We return to Melisandre's prophetic words: "When the red star bleeds and the darkness gathers, Azor Ahai shall be born again amidst smoke and salt to wake dragons out of stone."
Parse out the specific imagery of the prophecy and apply it to Jon's death scene. The red star becomes the star-studded Ser Patrek, red with blood. The traitorous Night's Watch become the gathering darkness, garbed in their black robes. Jon's belly wound is described as "smoking" in the cold night air. The salt is the biggest stretch, but imagine what the tears running down Bowen Marsh's cheeks might taste like.
If you put a lot of stock into the specifics of Melisandre's prophecy, then the language surrounding Jon's death certainly makes it sound like Azor Ahai is about to be reborn in the form of Eddard Stark's bastard son — assuming he is Eddard Stark's bastard son. Many fans believe Jon is actually the son of Rhaegar Targaryen and Lyanna Stark, which would only fuel the prophetic fire further where waking "dragons out of stone" is concerned.
Is it a reach?

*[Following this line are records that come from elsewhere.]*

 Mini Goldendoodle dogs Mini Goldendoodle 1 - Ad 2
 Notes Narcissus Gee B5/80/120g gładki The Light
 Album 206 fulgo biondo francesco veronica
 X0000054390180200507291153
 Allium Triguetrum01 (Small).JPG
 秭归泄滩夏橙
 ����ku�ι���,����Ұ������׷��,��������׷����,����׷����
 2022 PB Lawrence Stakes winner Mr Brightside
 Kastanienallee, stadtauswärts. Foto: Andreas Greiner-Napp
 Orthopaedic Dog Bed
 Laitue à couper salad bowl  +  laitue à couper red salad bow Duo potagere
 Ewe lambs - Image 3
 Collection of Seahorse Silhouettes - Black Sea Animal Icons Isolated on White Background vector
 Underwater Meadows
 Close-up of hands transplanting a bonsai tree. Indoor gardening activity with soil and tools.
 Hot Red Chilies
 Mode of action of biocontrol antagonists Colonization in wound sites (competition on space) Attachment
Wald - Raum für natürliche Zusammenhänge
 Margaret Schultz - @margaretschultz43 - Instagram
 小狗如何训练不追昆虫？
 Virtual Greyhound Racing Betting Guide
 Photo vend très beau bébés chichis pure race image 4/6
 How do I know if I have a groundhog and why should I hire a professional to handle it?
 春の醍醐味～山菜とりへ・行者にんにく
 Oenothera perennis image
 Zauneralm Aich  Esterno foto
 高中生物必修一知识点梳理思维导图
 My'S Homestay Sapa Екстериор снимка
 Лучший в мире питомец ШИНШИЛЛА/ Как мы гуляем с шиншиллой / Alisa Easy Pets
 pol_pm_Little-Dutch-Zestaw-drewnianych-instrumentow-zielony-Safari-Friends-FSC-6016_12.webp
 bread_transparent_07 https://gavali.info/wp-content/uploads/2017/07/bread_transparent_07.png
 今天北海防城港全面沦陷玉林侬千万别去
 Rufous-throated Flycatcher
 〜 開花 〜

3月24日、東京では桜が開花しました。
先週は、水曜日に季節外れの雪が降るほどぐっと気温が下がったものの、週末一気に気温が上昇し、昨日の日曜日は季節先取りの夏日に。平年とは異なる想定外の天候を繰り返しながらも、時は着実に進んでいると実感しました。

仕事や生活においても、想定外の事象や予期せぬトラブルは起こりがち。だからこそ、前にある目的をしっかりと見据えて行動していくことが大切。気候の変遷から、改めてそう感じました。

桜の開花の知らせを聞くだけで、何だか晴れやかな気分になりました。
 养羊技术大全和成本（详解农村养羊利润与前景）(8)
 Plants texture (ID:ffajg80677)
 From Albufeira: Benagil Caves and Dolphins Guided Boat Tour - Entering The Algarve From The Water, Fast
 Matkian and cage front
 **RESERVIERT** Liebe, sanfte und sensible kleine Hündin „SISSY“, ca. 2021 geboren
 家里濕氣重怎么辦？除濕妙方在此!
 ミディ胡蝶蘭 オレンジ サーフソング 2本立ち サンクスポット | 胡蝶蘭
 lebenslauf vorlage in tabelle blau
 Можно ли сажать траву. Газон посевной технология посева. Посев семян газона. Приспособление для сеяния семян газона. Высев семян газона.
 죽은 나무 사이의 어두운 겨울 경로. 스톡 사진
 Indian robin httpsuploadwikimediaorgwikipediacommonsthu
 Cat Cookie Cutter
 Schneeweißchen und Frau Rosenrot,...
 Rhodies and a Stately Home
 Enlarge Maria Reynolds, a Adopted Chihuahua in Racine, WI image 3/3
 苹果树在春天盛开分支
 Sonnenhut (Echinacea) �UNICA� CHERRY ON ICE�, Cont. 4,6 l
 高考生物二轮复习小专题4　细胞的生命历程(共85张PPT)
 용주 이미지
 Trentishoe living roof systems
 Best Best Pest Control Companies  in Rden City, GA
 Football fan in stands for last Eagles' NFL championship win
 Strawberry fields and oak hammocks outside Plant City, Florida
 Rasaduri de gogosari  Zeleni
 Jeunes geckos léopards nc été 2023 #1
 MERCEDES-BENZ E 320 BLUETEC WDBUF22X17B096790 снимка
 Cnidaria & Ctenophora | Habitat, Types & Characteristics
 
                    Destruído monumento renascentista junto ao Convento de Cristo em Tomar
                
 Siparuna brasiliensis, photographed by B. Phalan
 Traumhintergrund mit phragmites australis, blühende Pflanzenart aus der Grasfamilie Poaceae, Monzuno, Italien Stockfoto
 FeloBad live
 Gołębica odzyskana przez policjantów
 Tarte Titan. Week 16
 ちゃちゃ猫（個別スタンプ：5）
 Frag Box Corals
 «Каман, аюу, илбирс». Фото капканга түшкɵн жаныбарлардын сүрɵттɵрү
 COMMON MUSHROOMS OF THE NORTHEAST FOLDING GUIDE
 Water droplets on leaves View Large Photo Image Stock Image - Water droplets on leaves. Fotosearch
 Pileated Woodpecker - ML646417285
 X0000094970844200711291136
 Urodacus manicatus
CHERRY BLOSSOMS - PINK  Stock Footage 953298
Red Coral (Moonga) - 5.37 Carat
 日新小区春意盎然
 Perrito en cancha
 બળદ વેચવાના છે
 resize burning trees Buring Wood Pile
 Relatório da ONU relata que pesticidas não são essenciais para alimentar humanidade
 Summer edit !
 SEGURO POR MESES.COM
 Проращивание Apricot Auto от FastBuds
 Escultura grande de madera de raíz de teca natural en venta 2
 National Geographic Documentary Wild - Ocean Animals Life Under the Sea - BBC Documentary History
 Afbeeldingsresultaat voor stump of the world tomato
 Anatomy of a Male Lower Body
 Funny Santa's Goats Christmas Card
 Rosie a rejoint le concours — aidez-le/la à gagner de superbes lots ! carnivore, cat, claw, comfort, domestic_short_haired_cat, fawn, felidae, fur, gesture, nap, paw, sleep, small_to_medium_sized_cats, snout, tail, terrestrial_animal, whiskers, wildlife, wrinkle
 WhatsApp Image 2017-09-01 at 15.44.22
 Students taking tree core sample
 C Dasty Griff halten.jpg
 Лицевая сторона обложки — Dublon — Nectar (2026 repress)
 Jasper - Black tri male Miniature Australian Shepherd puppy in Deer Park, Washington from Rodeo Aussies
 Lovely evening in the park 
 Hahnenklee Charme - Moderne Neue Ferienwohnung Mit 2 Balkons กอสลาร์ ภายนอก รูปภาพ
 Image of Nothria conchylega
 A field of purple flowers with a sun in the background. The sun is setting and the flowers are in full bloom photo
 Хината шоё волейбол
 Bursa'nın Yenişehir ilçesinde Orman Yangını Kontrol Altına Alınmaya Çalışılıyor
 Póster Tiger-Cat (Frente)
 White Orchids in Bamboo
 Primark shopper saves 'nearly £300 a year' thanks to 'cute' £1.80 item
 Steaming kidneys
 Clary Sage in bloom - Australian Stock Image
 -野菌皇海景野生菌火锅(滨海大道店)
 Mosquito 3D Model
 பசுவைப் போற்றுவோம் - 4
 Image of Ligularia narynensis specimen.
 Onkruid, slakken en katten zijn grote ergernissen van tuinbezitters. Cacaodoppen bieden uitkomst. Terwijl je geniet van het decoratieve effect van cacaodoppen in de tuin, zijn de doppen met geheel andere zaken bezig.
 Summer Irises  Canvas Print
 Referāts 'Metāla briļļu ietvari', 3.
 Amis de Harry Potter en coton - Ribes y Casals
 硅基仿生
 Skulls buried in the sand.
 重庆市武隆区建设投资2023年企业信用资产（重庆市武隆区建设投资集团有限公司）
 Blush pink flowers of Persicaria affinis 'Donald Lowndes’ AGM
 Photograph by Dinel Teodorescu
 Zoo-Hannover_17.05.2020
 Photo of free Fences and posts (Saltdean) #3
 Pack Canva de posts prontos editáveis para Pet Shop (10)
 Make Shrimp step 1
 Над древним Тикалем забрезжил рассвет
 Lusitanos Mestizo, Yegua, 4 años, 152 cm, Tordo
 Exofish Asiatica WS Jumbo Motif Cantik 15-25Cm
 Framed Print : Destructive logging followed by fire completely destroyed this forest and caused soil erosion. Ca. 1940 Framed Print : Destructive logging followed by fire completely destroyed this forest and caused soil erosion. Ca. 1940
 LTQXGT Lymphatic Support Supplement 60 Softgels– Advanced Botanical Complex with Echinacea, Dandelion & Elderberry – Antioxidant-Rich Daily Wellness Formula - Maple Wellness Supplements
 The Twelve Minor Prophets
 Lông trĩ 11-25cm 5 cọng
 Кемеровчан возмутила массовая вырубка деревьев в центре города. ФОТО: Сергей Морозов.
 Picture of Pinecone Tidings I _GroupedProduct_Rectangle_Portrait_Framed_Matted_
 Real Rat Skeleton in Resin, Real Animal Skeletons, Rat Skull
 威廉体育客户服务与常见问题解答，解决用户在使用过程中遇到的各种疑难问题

Sure, yeah! But it's hope. Jon still has so much business left on the table, that it's hard to fathom how the story continues without his direct involvement. Stranger circumstances have occurred in the books, and people who suffered worse deaths than Jon have been known to return from the dead. If Thoros of Myr can breathe life back into Beric Dondarrion's lungs, why can't another Lord of Light disciple like Melisandre do the same for Jon?
That's the hope that many book readers have held onto over the past four years, and for now, it's sturdy enough. Does that hope extend to "Game of Thrones," though? The circumstances surrounding Jon's demise in the books are significantly different than they are on the show, so who knows. But we can hope. For now, that has to be enough.